Crawled caption data
↓
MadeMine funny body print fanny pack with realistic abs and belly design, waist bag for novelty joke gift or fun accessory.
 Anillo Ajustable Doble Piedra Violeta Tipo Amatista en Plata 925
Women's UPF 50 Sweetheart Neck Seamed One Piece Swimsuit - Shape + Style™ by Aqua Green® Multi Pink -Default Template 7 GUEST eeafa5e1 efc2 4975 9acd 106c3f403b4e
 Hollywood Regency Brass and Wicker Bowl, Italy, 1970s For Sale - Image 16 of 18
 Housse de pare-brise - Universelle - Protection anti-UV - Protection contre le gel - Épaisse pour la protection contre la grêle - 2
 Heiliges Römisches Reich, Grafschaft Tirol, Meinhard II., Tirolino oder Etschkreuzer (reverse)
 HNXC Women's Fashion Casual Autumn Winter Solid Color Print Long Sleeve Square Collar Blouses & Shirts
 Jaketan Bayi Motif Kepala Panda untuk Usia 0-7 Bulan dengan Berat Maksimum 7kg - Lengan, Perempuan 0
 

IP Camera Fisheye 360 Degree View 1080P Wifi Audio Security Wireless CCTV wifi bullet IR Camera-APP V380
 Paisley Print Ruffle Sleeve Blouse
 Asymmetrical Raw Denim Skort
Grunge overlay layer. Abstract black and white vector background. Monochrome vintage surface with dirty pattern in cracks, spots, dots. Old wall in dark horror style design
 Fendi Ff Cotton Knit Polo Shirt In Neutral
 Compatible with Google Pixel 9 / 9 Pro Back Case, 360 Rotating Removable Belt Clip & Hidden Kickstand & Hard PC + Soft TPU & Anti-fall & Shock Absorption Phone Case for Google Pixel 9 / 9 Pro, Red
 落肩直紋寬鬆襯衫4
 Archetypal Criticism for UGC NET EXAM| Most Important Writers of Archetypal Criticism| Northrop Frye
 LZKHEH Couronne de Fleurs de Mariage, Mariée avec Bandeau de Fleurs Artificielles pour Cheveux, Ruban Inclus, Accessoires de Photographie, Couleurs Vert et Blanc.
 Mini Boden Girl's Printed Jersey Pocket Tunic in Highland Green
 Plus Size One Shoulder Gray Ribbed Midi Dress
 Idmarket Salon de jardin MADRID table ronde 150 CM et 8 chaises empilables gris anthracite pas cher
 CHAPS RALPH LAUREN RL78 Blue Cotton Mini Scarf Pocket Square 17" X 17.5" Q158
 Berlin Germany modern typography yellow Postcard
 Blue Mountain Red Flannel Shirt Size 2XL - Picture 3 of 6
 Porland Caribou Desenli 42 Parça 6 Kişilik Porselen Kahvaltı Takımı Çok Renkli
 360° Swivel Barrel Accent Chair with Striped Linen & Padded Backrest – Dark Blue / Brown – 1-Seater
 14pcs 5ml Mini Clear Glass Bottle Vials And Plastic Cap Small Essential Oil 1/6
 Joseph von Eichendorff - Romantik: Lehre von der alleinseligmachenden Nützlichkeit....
↑
* AIM OF THE TASK
Among the lines above, return those that hold the word "Cotton".

* REPLY TO THE TASK
 Fendi Ff Cotton Knit Polo Shirt In Neutral
 CHAPS RALPH LAUREN RL78 Blue Cotton Mini Scarf Pocket Square 17" X 17.5" Q158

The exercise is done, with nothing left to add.